EXCERPTED RECORDS ::
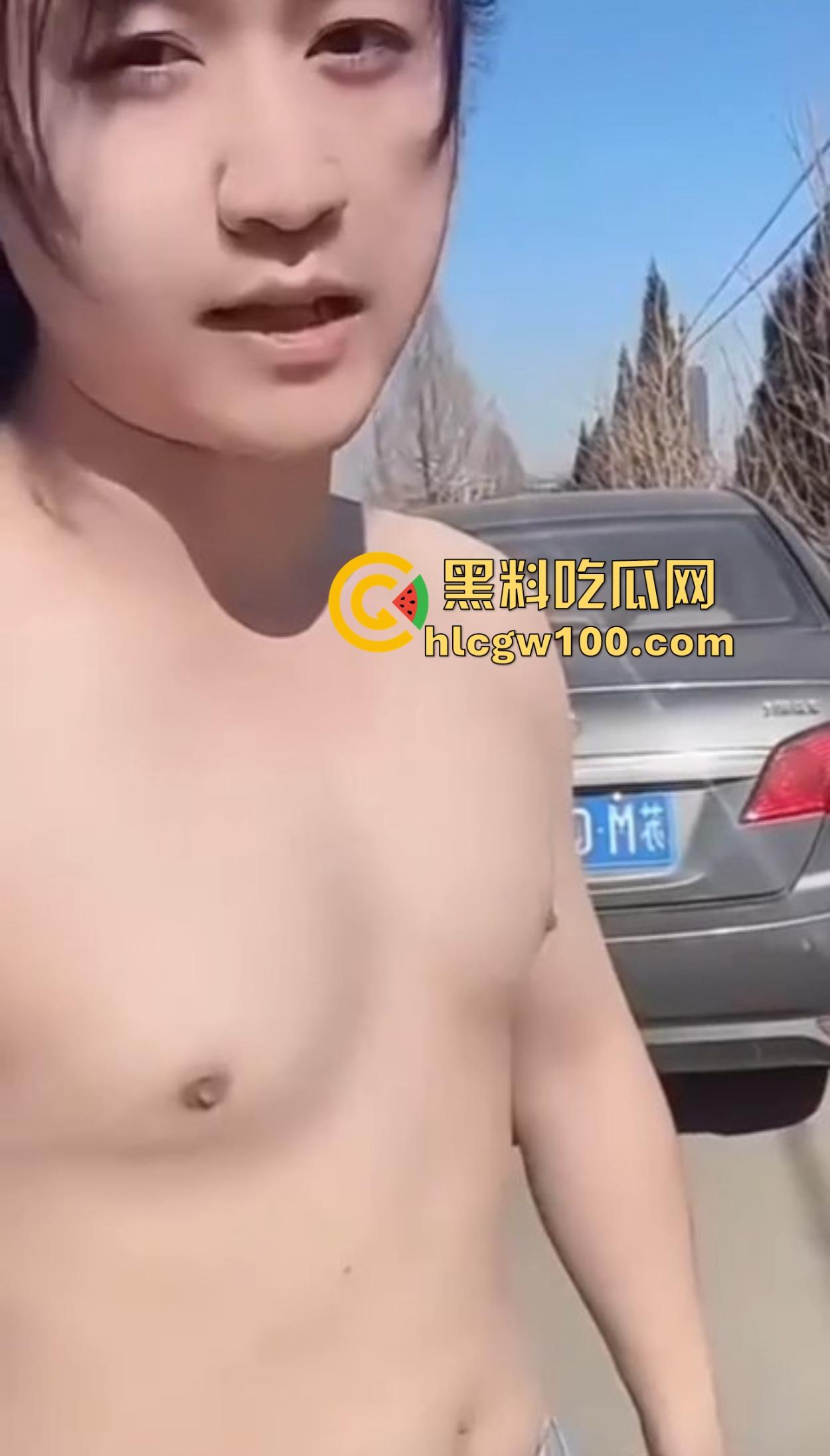 女子精致到炸裂，衣服分4台洗衣机洗，对A机场堪比飞机跑道，脱衣盯了半天没喉结才敢信真是女的！-9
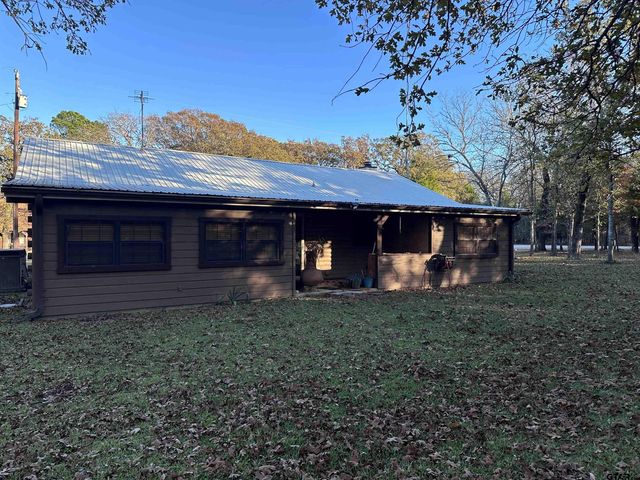 7315 Neches, Athens, TX 75752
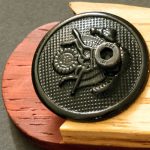 le-deboutonneur-bouton-noir-3 Decapsuleur en bois avec bouton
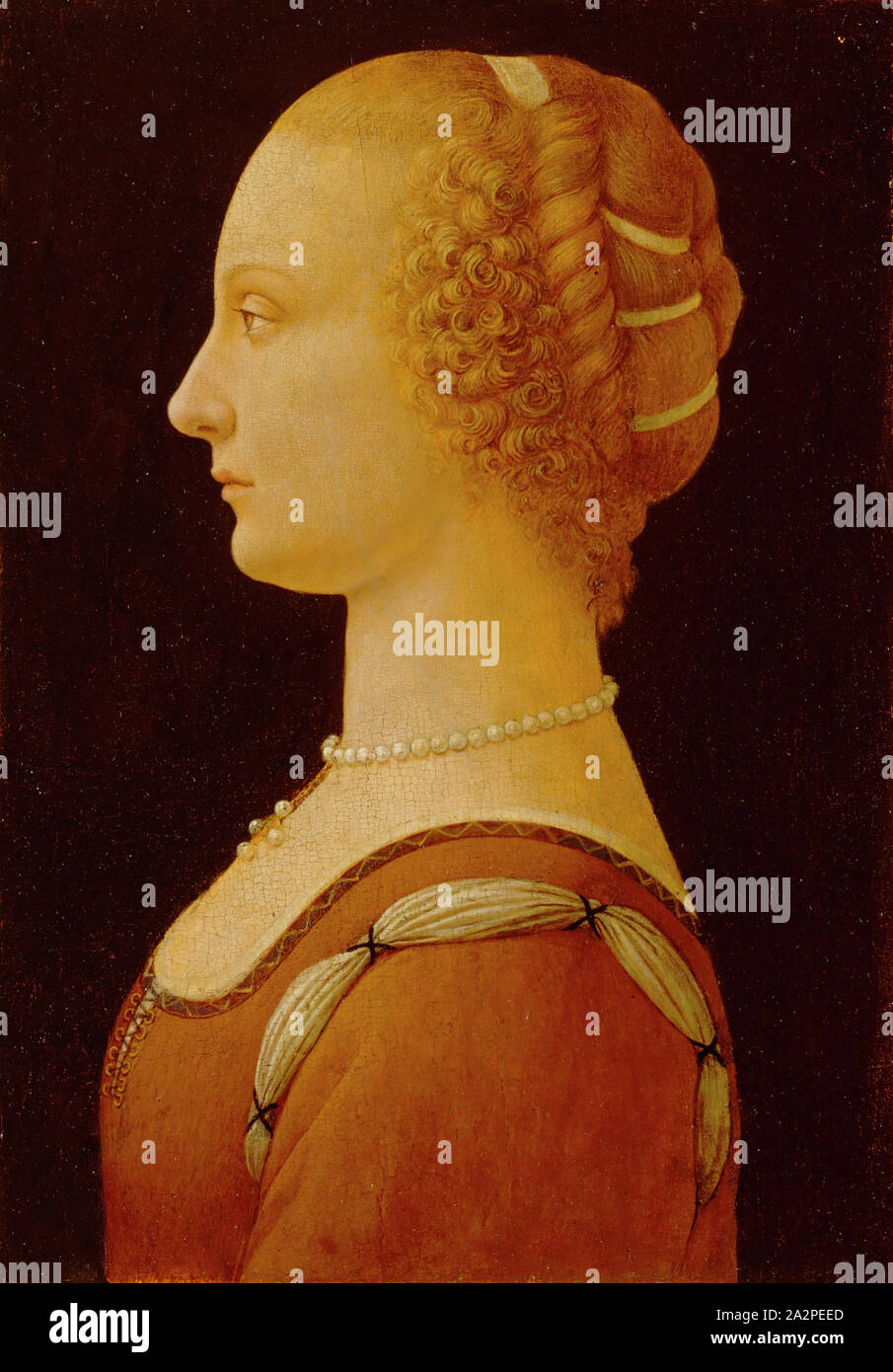 Officina di Domenico Ghirlandaio, italiano, tra 1448 e 1449 - 1494, una giovane donna, tra il 1470 e il 1480, vernice su pannello in legno, senza cornice: 14 1/4 × 10 pollici (36,2 × 25,4 cm Foto Stock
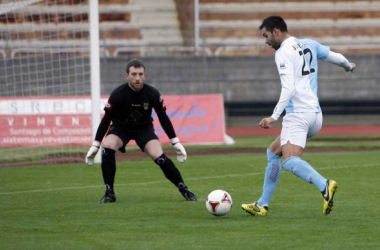 El Racing de Ferrol ata a Joselu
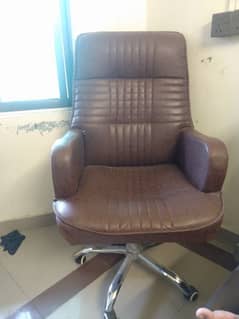 office boss chair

PROBLEM REQUIREMENTS ::
Copy the records exactly. Skip the images.

RESULT FOR THIS EXERCISE ::
 女子精致到炸裂，衣服分4台洗衣机洗，对A机场堪比飞机跑道，脱衣盯了半天没喉结才敢信真是女的！-9
 7315 Neches, Athens, TX 75752
 le-deboutonneur-bouton-noir-3 Decapsuleur en bois avec bouton
 Officina di Domenico Ghirlandaio, italiano, tra 1448 e 1449 - 1494, una giovane donna, tra il 1470 e il 1480, vernice su pannello in legno, senza cornice: 14 1/4 × 10 pollici (36,2 × 25,4 cm Foto Stock
 El Racing de Ferrol ata a Joselu
 office boss chair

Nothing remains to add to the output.